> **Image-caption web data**
******************************
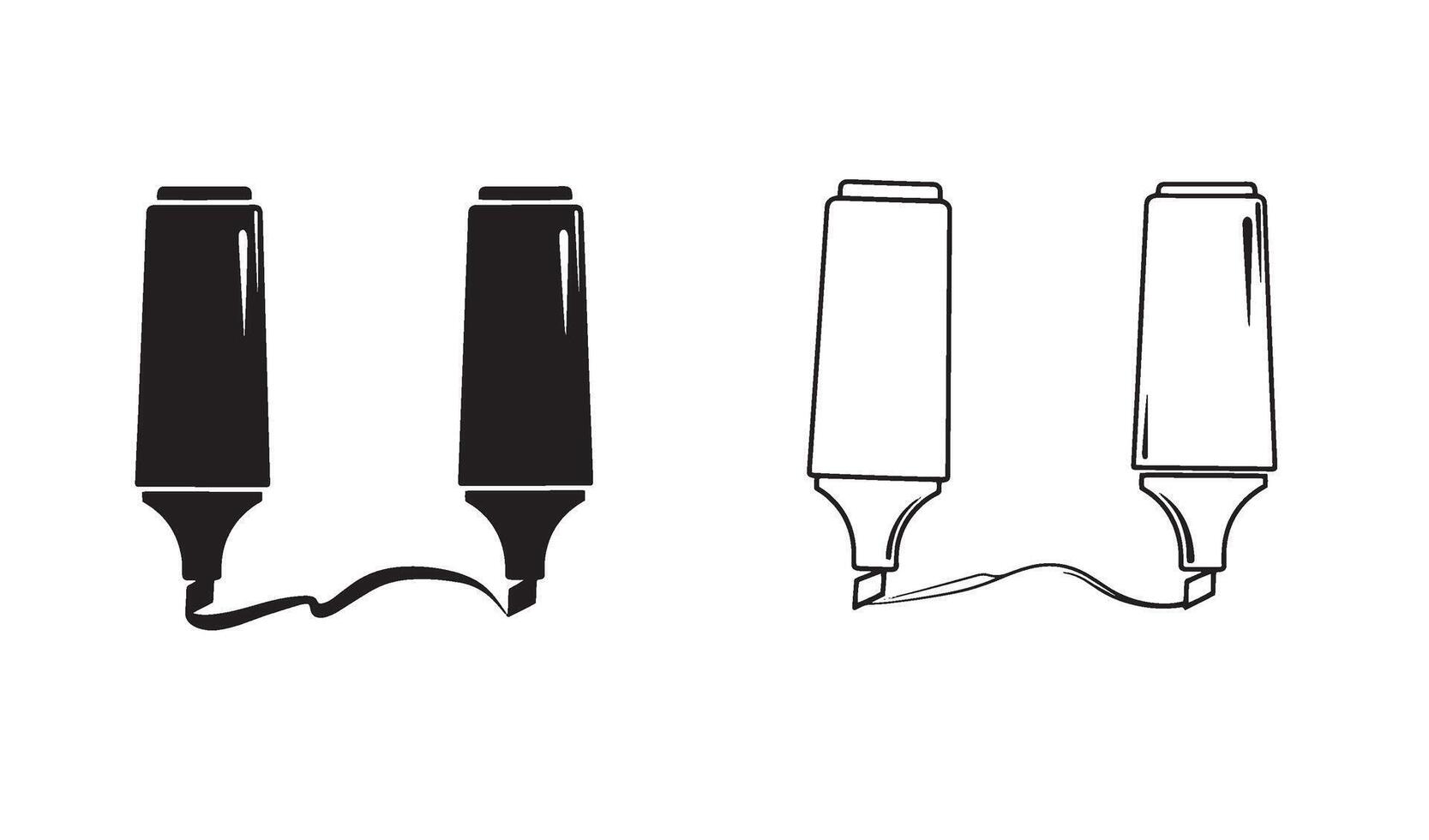 Simple modern highlighter icon set design silhouette illustration for company identity pack vector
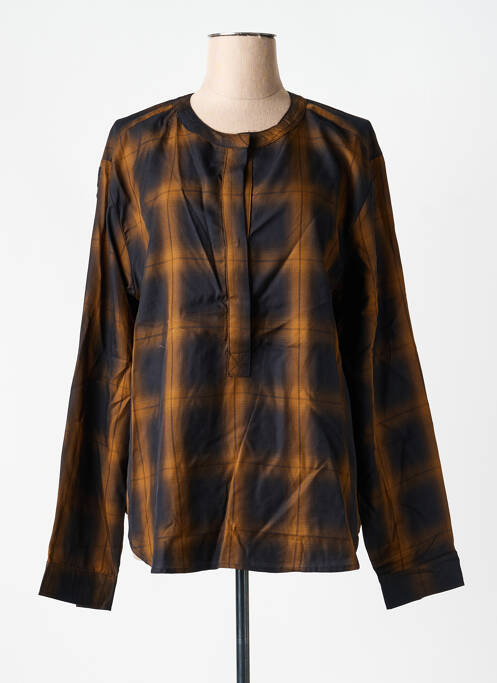 Blouse imprimé fantaisie manches longues marron SEE U SOON femme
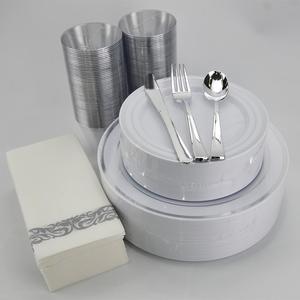 Bộ Đồ Ăn Bằng Nhựa Dùng Một Lần 700 Món Cho 100 Khách Bộ Đồ Ăn Bằng Bạc Dùng Một Lần Dành Cho Đám Cưới - Product Image 1
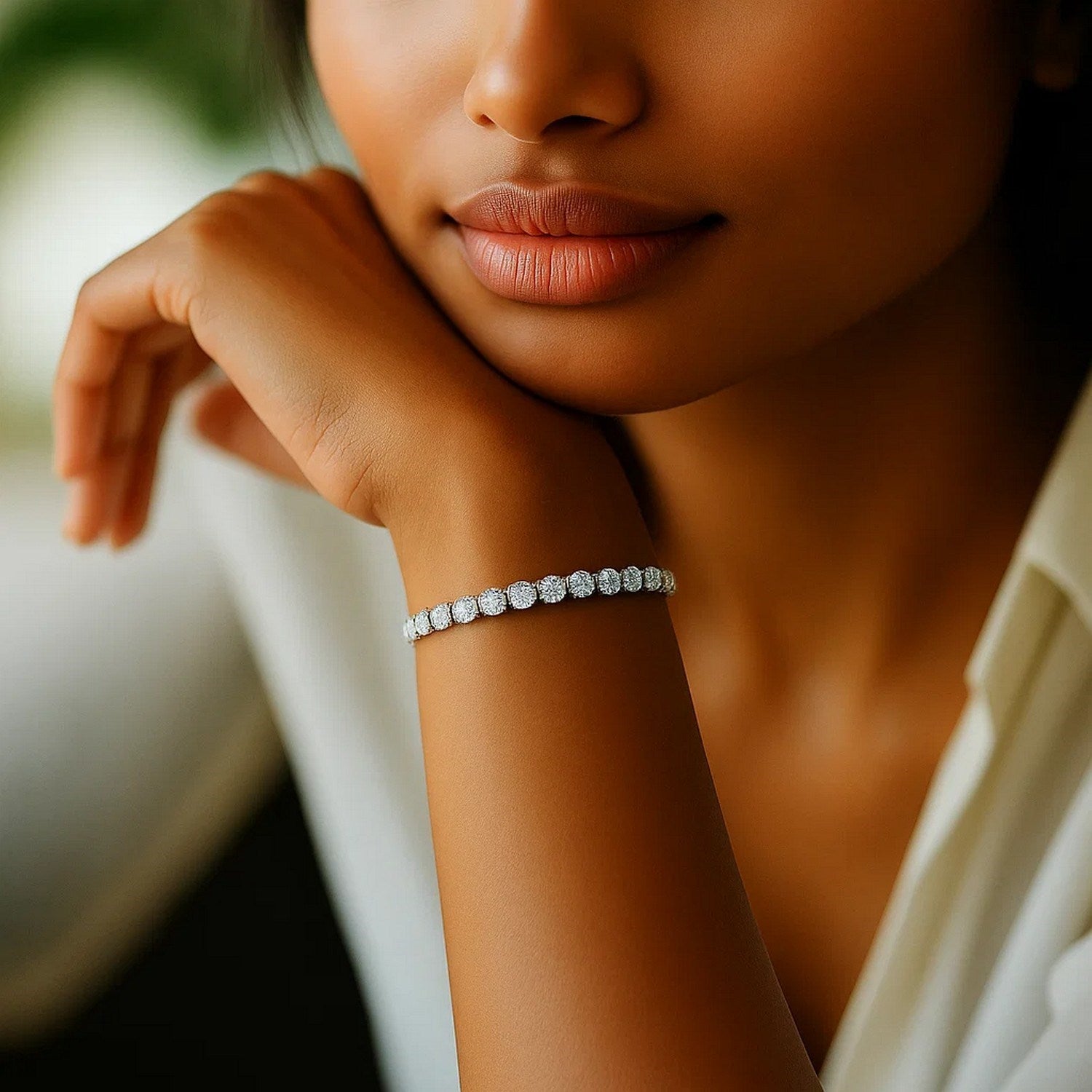 Lab grown round diamond tennis bracelet in 14k white gold, featuring 6 cctw F/G VS2/SI1 diamonds for modern elegance.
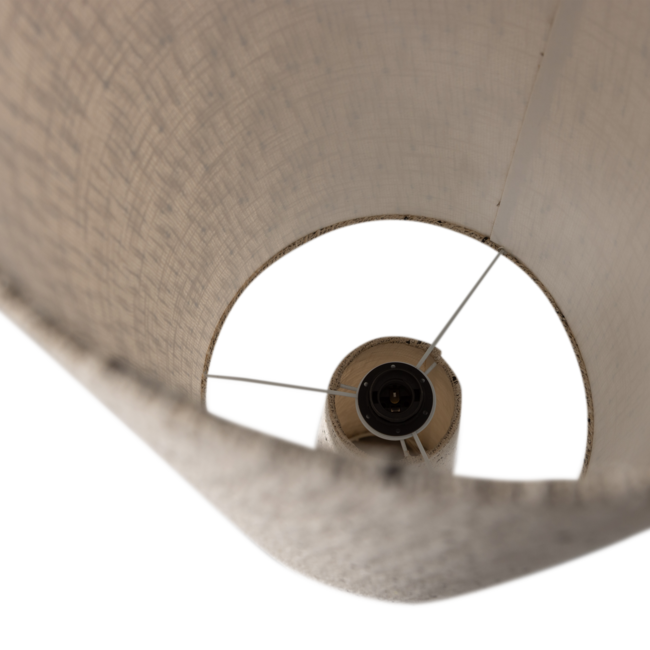 Woood Loft vloerlamp metaal/boucle naturel met stippen 130xo30cm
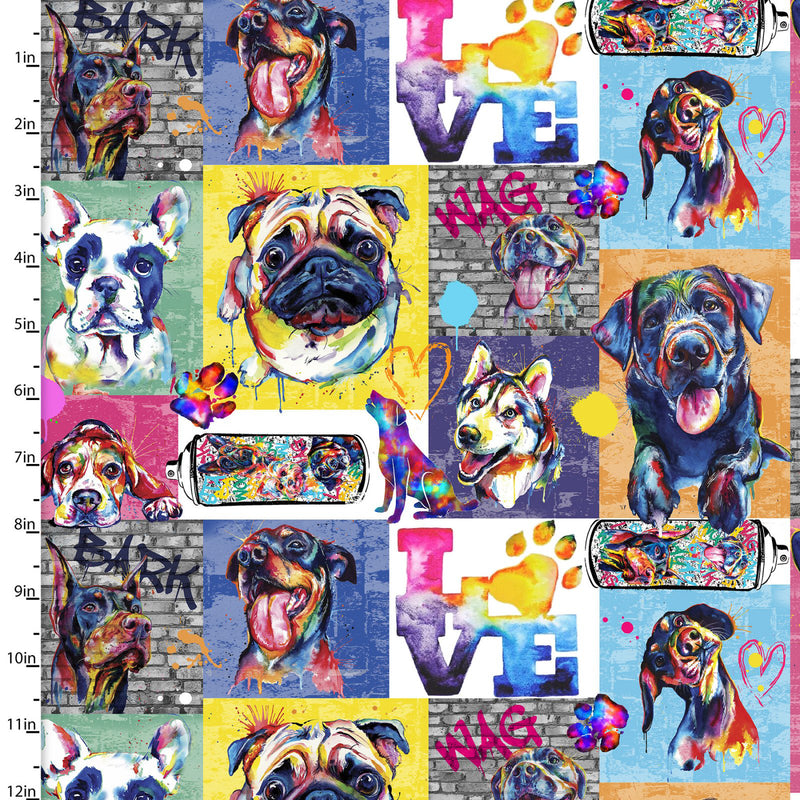 Dogs in the City 19135-MLT-CTN-D Pup Patch Multi by Weekday Best for 3 Wishes Fabric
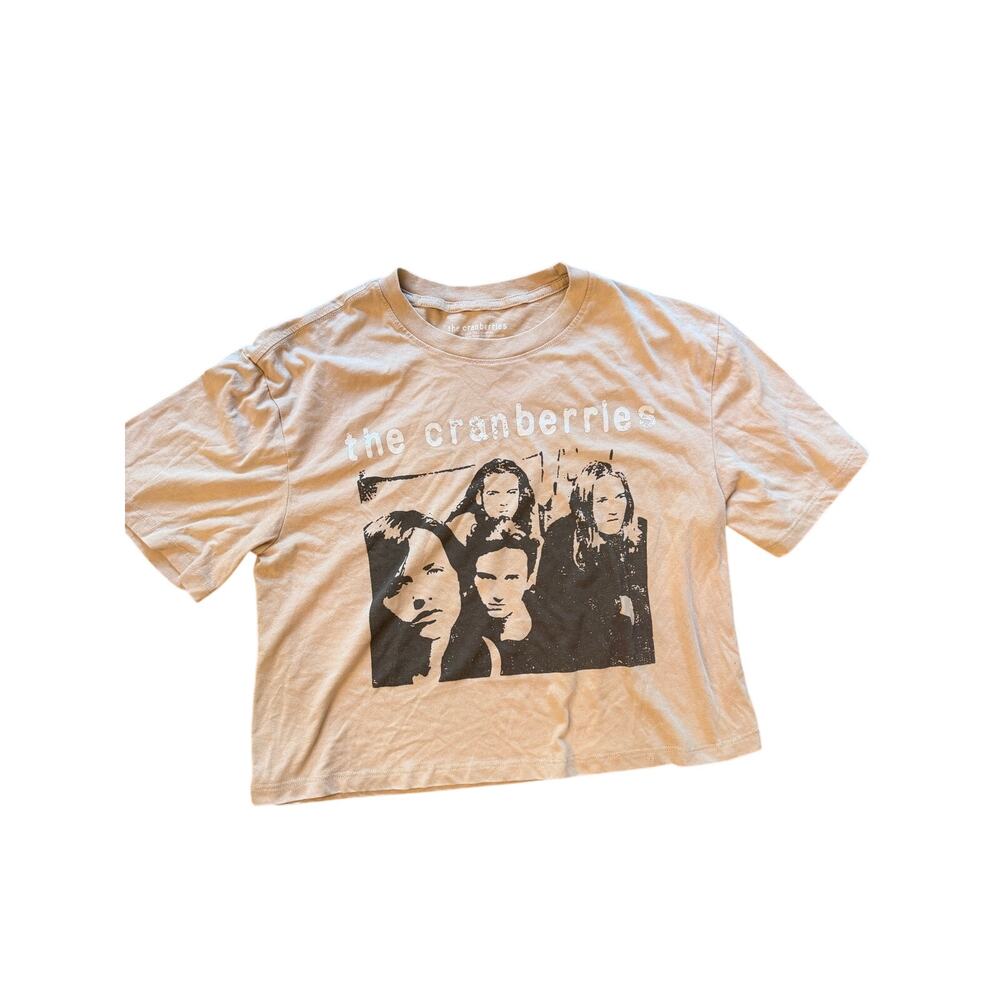 The Cranberries Band Graphic Cropped T-Shirt Beige Tan Size Small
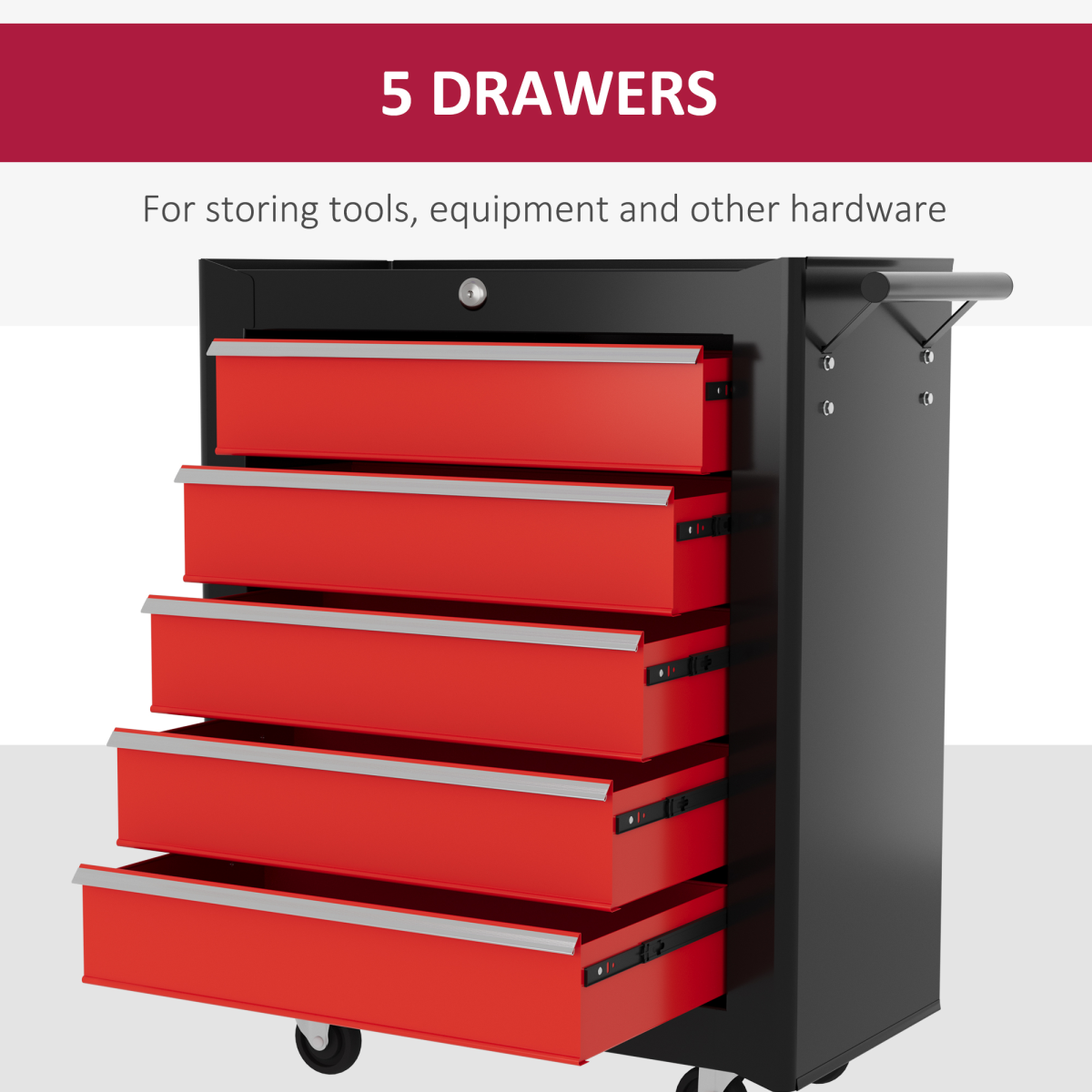 HOMCOM 5-Drawer Lockable Steel Tool Chest with Wheels, Red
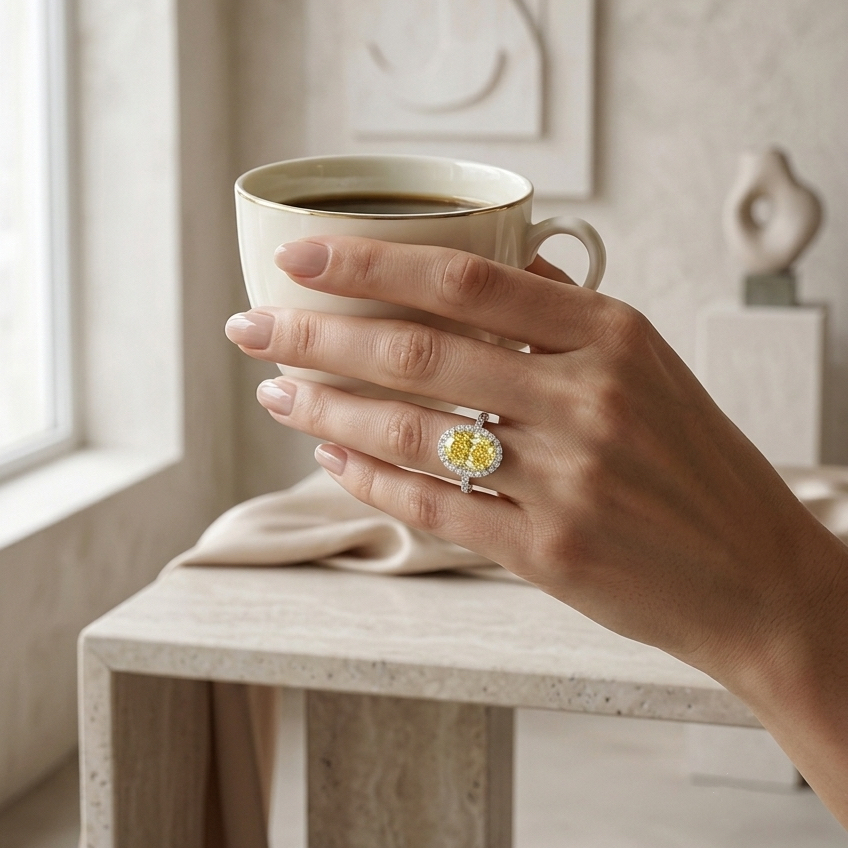 Bloom—Aura Ring | Yellow Oval Diamond in Halo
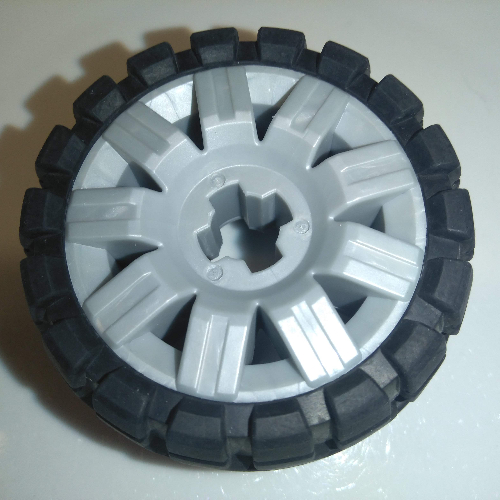 Visuel indicatif Rebrickable de Roue 60 x 34, avec bande de roulement offset pour ballon 81 x 40 (Wheel 60 x 34, with Black Tire 81 x 40 Balloon Offset Tread)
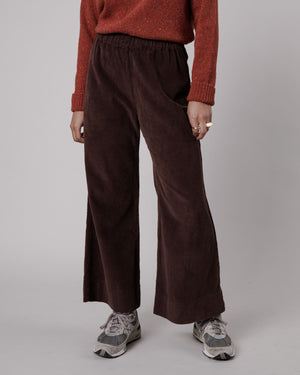 WIDE LEG CORDUROY PANTS BROWN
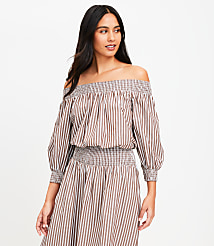 LOFT Beach Striped Poplin Smocked Off The Shoulder Top carousel Product Image 2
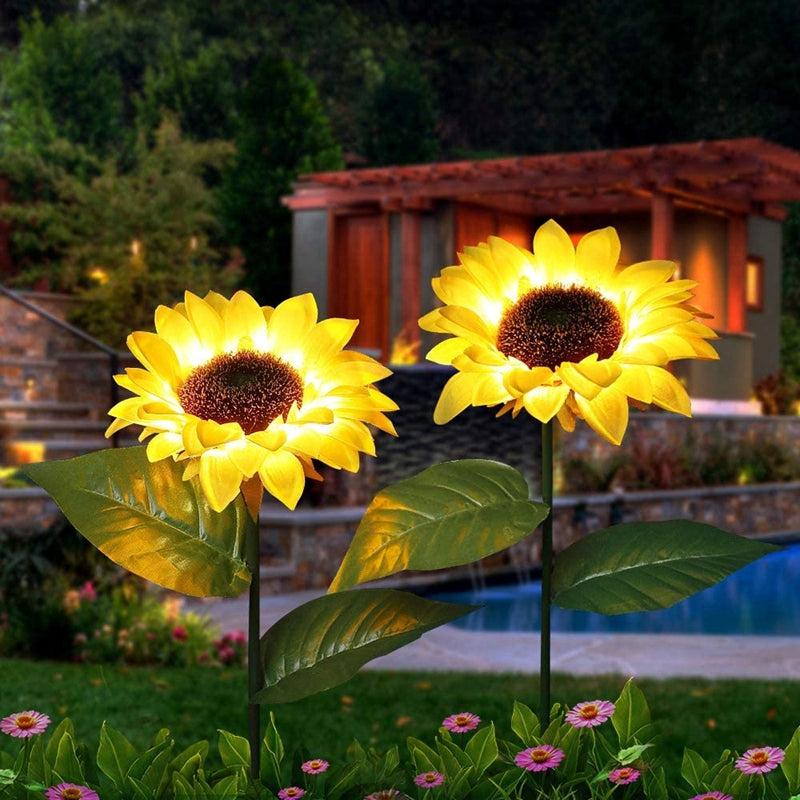 Solar Sunflower Waterproof Decorative Lights For Outdoor Garden And Lawn (Pack Of 2)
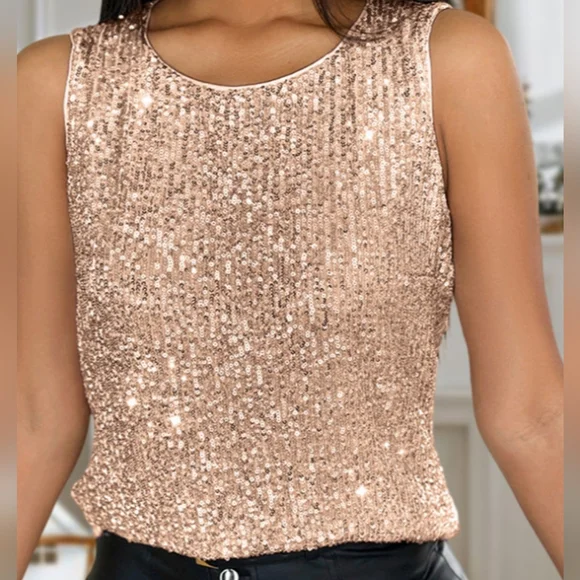 Sequin Sleeveless Top - Champagne - Picture 1 of 5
******************************
> **Problem requirements**
Give back the records above word for word, minus any image they hold.

> **Expected answer**
 Simple modern highlighter icon set design silhouette illustration for company identity pack vector
 Blouse imprimé fantaisie manches longues marron SEE U SOON femme
 Bộ Đồ Ăn Bằng Nhựa Dùng Một Lần 700 Món Cho 100 Khách Bộ Đồ Ăn Bằng Bạc Dùng Một Lần Dành Cho Đám Cưới - Product Image 1
 Lab grown round diamond tennis bracelet in 14k white gold, featuring 6 cctw F/G VS2/SI1 diamonds for modern elegance.
 Woood Loft vloerlamp metaal/boucle naturel met stippen 130xo30cm
 Dogs in the City 19135-MLT-CTN-D Pup Patch Multi by Weekday Best for 3 Wishes Fabric
 The Cranberries Band Graphic Cropped T-Shirt Beige Tan Size Small
 HOMCOM 5-Drawer Lockable Steel Tool Chest with Wheels, Red
 Bloom—Aura Ring | Yellow Oval Diamond in Halo
 Visuel indicatif Rebrickable de Roue 60 x 34, avec bande de roulement offset pour ballon 81 x 40 (Wheel 60 x 34, with Black Tire 81 x 40 Balloon Offset Tread)
 WIDE LEG CORDUROY PANTS BROWN
 LOFT Beach Striped Poplin Smocked Off The Shoulder Top carousel Product Image 2
 Solar Sunflower Waterproof Decorative Lights For Outdoor Garden And Lawn (Pack Of 2)
 Sequin Sleeveless Top - Champagne - Picture 1 of 5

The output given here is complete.